Philippe Garrel sets out to demythologize the French student strikes of May 1968 and afterward in his intentionally logy three-hour history-play Regular Lovers. His first step: A lengthy street riot re-enactment that emphasizes how hard it is to mobilize large groups of people to do anything—even random acts of anarchy. At one point, one of Garrel’s draft-dodging rebels tries to set fire to the French flag, and we see the whole awkward process, from the first embers to the final tepid blaze.

Europe’s late-’60s youth movement has bewitched filmmakers almost since it happened, inspiring impassioned films from the likes of Chris Marker, Louis Malle, and, most notably, Bernardo Bertolucci, whose sensuous The Dreamers inspired Garrel’s far more prosaic Regular Lovers. Garrel casts his son Louis (who also starred in The Dreamers) as a poet and pacifist who gets swept up in the revolutionary fervor, then sidetracked by the decadence of sponging off his waifish sculptor girlfriend Clotilde Hesme and smoking opium with his rich buddy Julien Lucas. They all spend their days talking about art, experimenting with free love, and complaining that the revolution isn’t what it used to be. Before they know it, three years have gone by.

Though Regular Lovers is slow-paced, it’s somewhat misleading to call it inert, because that’s partly the effect Garrel wants. Anyway, the filmmaking is anything but flat. The camera moves fluidly and almost unceasingly, broken up by stylish iris-ins-and-outs and sumptuous portraits that could pass for post-punk album covers. William Lubtchansky’s grainy, high-contrast black-and-white cinematography is as vivid as any color film, with blobby white faces fading into the pitch like waking dreams.

But at the same time, much of what May 1968 meant to Garrel’s generation remains locked in his own head.
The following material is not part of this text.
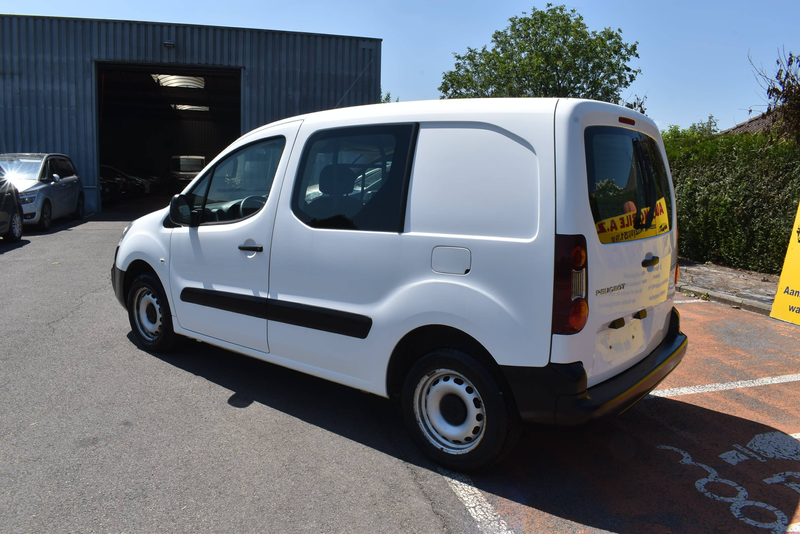 Peugeot Partner 1.6 BlueHDi Van 3PL/Airco **B2B FIX PRICE** — photo 3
Regular Lovers is dotted with telling scenes, like a lengthy courtroom sequence where the adult world’s impatience with their children becomes wincingly clear, but he balances those with scenes of quiet nothingness, and scenes that seem exciting—like the shots of a crowd dancing spontaneously to The Kinks’ “This Time Tomorrow”—but only because something is actually happening, not because it has any real narrative purpose. Regular Lovers isn’t a folly-of-youth story that aches with emotion, like Au Revoir, Les Enfants or The Squid And The Whale. It’s drier, and simpler. You are there. Iris out.